Colorectal cancer (CRC) is one of the commonest cancers in the world. During the last decade,
the development of targeted therapies has given cancer treatment a novel direction in management
of metastatic CRC (mCRC) and has enriched the therapeutic armamentarium in the management of this
disease. In mCRC, targeting angiogenesis via the vascular endothelial growth factor (VEGF) pathway
has been of particular interest based on the favourable survival benefit demonstrated by bevacizumab in
clinical trials. More recently, large phase III studies have shown clinical efficacy for the new antiangiogenic
agents aflibercept and regorafenib. However, the results of pre-clinical and clinical studies
of other anti-angiogenic agents have been disappointing.
Furthermore, the benefits from angiogenic inhibitors (AIs) in an unselected patient population are modest.

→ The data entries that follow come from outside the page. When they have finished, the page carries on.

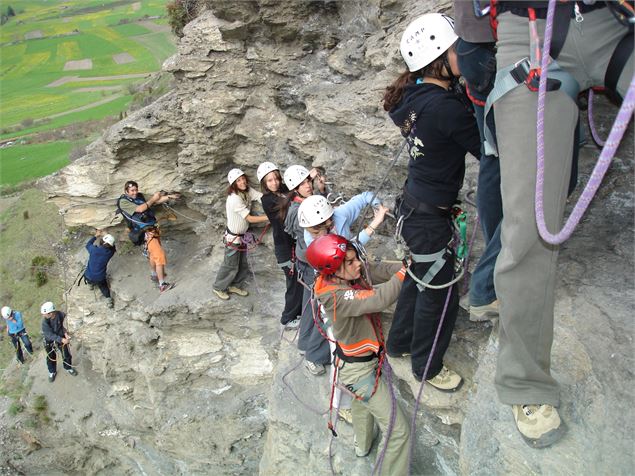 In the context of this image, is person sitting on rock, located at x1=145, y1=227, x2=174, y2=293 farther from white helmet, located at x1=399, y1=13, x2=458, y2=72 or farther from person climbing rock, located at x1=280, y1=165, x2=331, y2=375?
white helmet, located at x1=399, y1=13, x2=458, y2=72

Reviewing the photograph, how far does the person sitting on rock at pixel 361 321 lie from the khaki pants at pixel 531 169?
1617mm

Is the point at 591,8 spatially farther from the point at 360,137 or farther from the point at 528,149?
the point at 360,137

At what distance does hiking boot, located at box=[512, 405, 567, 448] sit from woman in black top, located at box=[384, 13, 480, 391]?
4.36ft

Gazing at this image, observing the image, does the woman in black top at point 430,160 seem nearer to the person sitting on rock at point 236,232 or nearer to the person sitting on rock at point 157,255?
the person sitting on rock at point 236,232

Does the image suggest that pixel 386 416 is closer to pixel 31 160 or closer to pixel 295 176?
pixel 295 176

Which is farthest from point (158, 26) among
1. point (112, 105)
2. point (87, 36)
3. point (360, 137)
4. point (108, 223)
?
point (360, 137)

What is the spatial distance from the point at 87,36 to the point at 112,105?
92.6 ft

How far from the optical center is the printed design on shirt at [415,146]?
3.63 m

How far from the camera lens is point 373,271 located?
4.79m

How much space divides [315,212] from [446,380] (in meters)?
2.12

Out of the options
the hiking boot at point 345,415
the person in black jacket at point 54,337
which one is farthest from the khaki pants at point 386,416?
the person in black jacket at point 54,337

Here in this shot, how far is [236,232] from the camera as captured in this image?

Research into predictive biomarkers is therefore essential, but has, to date, been unsuccessful. Nevertheless,
aflibercept and regorafenib have been shown to benefit both bevacizumab naive and refractory
patients, suggesting that acquired resistance to AIs can be potentially reversed. This review describes
the most recent advances in development of AIs in mCRC with particular focus on aflibercept
and regorafenib, the existing challenges for the evaluation of these agents in clinical practice and potential
strategies in designing clinical trials that could lead to the discovery of clinically meaningful biomarkers.
Keywords: Colorectal cancer, angiogenesis, angiogenesis inhibitors, biomarkers, vascular endothelial growth factor (VEGF),
bevacizumab, aflibercept, regorafenib.